Image Credit: Harry Ransom Center
Bel Geddes's Futurama, the predominant feature of the 1939 World's Fair, was geared to give people a sense of the future of transportation by 1950. He tried to simulate this feeling by giving World's Fair Guests a simulated "plane-ride" through the exhibit that was powered by a conveyer belt system that moved them through the system. This was meant to give Depression Era spectators of flying through the air as they pondered the possibility of an increasingly connected future--one that they might help build. Of chief interest was to fulfill the deeply seated needs of human community without presenting a dehumanizing future. "Throughout all recorded history," Geddes writes in his 1940 manifesto, Magic Motorways, "man has made repeated efforts to reach out farther and to communicate with other men more easily and quickly, and these efforts have reached the climax of their success in the twentieth century. This increasing freedom of movement makes possible a magnificently full, rich life for the people of our time. A free-flowing movement of people and goods across our nation is a requirement of modern living and prosperity" (10). However, he was concerned that contemporary traffic conditions--characterized by stops and starts, traffic lights and standstills, would make people feel more like sheep than human beings.
Image Credit: Magic Motorways
Futurama, Bel Geddes argues, "gave them a dramatic and graphic solution to a problem which they all faced" (4).
Matt Groening has acknowledged that Bel Geddes' Futurama was an inspiration for his television's show which bears the same name, and the show's title sequence captures some of the reasons for this perfectly. Viewing the opening title sequence for Matt Groening's Futurama and the image of Groening's fictive New York pictured below, we notice a similar sense of continuous motion. Flying vehicles of all sorts follow one another in perfect lines, as do people flying from place to place in tubes. And yet, they do not appear like sheep. People and objects maintain their individuality while moving in harmony . The same goes for the tubes that transport people through the city.
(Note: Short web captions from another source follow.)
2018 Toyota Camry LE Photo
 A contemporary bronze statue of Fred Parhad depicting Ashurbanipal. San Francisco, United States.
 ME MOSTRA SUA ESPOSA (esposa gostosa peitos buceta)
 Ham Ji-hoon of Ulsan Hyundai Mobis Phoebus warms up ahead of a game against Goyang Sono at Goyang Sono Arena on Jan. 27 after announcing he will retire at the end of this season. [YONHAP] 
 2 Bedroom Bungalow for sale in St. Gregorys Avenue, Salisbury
Geddes' aesthetic helped poeticize the value of transportation at a time when the first major U.S. freeways were beginning their construction, and by the end of the Eisenhauer Presidency the Interstate Freeways system was rapidly growing, connecting disparate parts of the nation with roads that emphasized speed, flow, and forward momentum over intersections and frequent stops. The world of possibility is especially emphasized in the title page of his manifesto, Magic Motorways. The shadows which make up the words on the title page emphasize that he is pointing to what's possible with the motorways, and the sharp angle of his lettering gives a sense of a new horizon being approached.
Image Credits: Magic Motorways and David Lynch's Lost Highway
We might also notice that the opening credits to David Lynch's Lost Highway bear some resemblance to the font and word angling that Bel Geddes used in Magic Motorways. Though his stories are rooted in the present, Lynch's films frequently invoke a sense of nostalgia for bygone times, and the most consistent trope of his work involves tight focus on the roads of America. Though a dark, gothic film, the metaphor of the highway invokes the same kind of feeling of possibility that Bel Geddes associated with the road. And the opening credits emphasize that the film's erratic portrayal of split identities is more about motion and connectivity than it is about stagnation and fragmentation. If Bel Geddes helped invoke a sense of magic in the motorway, I suggest the possibility that Lynch might be riffing off of Bel Geddes, like the title credits for Futurama, demonstrate Bel Geddes's powerful strategy of inspiring spectators--past and present--with the feeling of crossing into the threshhold of a strange and exciting new world, characterized by motion and awe.